Why is my StdDev so high?

There can be few causes for this:

  • Bad isolation. You run other services in your machine that eat up your cpu or you run in a VM and that makes machine performance inconsistent. Ideally you’d avoid such setups, stop all services and applications and use bare metal machines.

  • Bad tests or too much complexity. The function you’re testing is doing I/O, using external resources, has side-effects or doing other non-deterministic things. Ideally you’d avoid testing huge chunks of code.

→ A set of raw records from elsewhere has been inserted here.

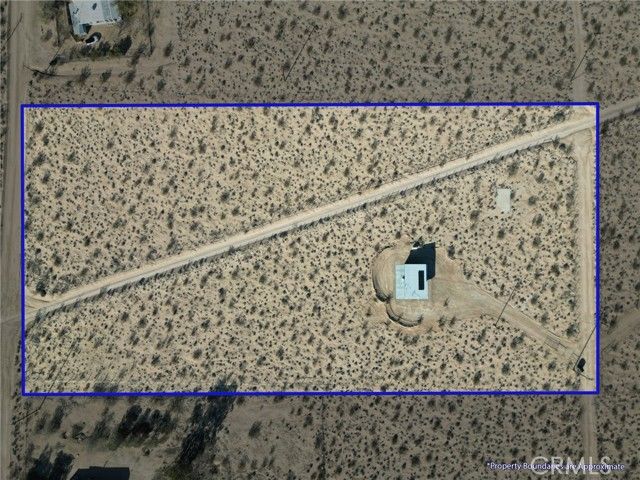 4520 Lookout, Landers, CA 92285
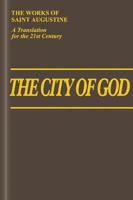 The City of God: Books 11-22 1565484819 Book Cover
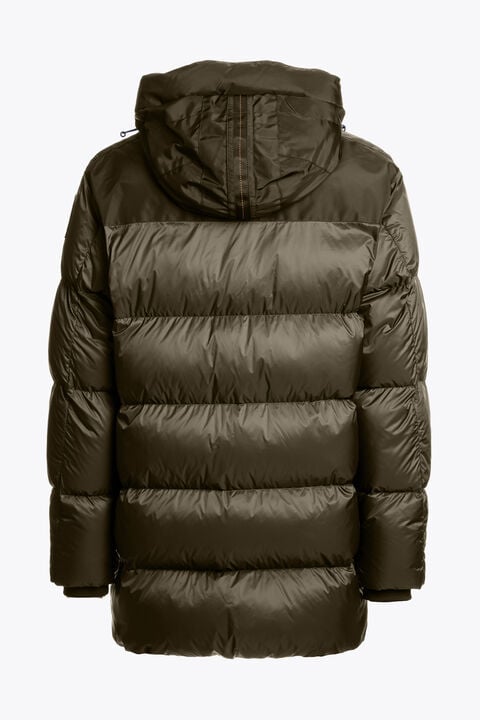 SHEDIR - HOODED PARKA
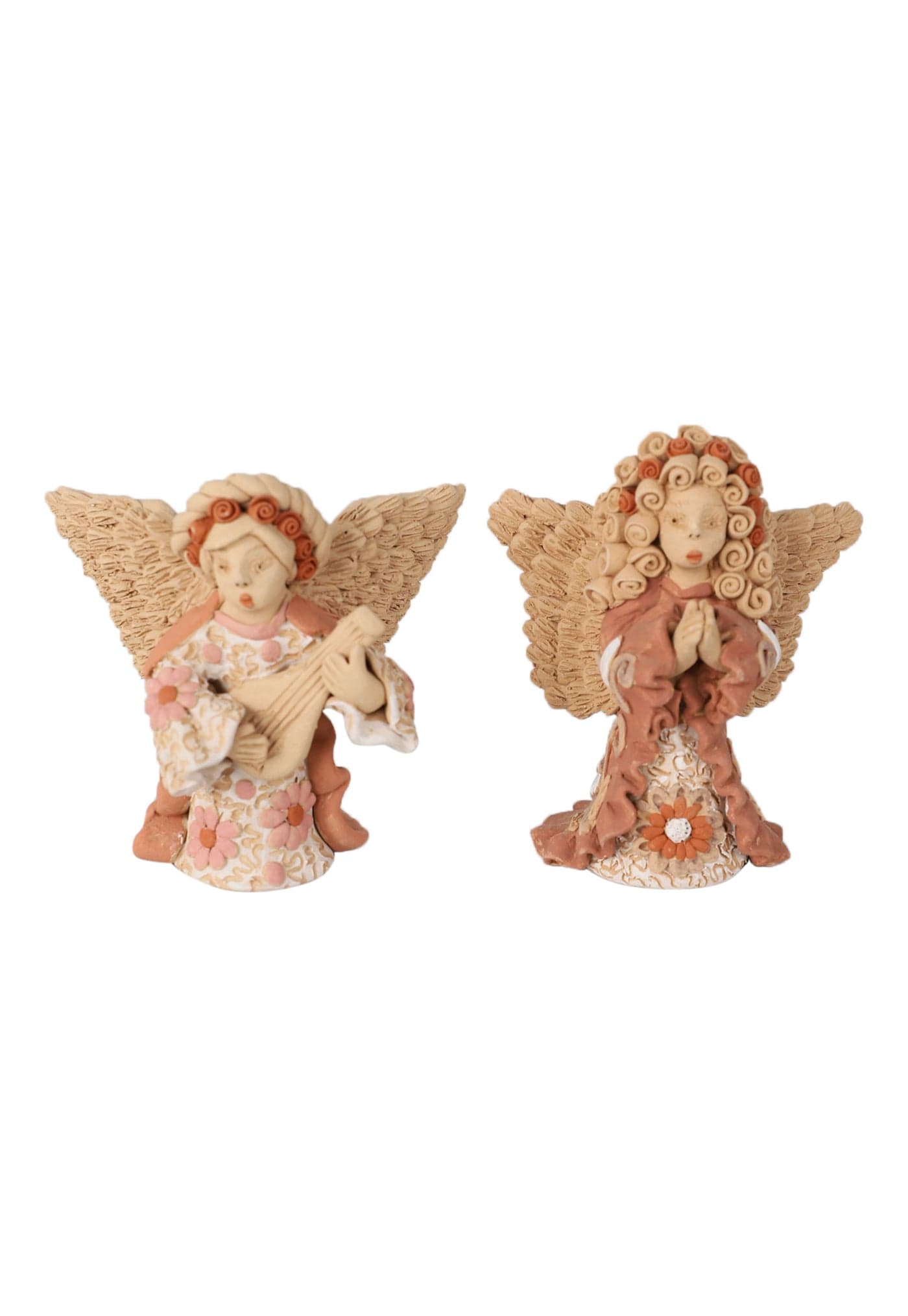 Angelica Vasquez Set of 2 Angels Angels set of 2 Set of 2 Angel Diez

    One special situation is PyPy: it’s GC and JIT can add unpredictable overhead - you’ll see it as huge spikes all over the place. You should make sure that you have a good amount of warmup (using --benchmark-warmup and --benchmark-warmup-iterations) to prime the JIT as much as possible. Unfortunately not much can be done about GC overhead.

    If you cannot make your tests more predictable and remove overhead you should look at different stats like: IQR and Median. IQR is often better than StdDev.

Why is my Min way lower than Q1-1.5IQR?

You may see this issue in the histogram plot. This is another instance of bad isolation.

For example, Intel CPUs have a feature called Turbo Boost wich overclocks your CPU depending on how many cores you have at that time and how hot your CPU is. If your CPU is too hot you get no Turbo Boost. If you get Turbo Boost active then the CPU quickly gets hot. You can see how this won’t work for sustained workloads.

When Turbo Boost kicks in you may see “speed spikes” - and you’d get this strange outlier Min.

When you have other programs running on your machine you may also see the “speed spikes” - the other programs idle for a brief moment and that allows your function to run way faster in that brief moment.

I can’t avoid using VMs or running other programs. What can I do?

As a last ditch effort pytest-benchmark allows you to plugin in custom timers (--benchmark-timer). You could use something like time.process_time (Python 3.3+ only) as the timer. Process time doesn’t include sleeping or waiting for I/O.

The histogram doesn’t show Max time. What gives?!

The height of the plot is limited to Q3+1.5IQR because Max has the nasty tendency to be way higher and making everything else small and undiscerning. For this reason Max is plotted outside.

Most people don’t care about Max at all so this is fine.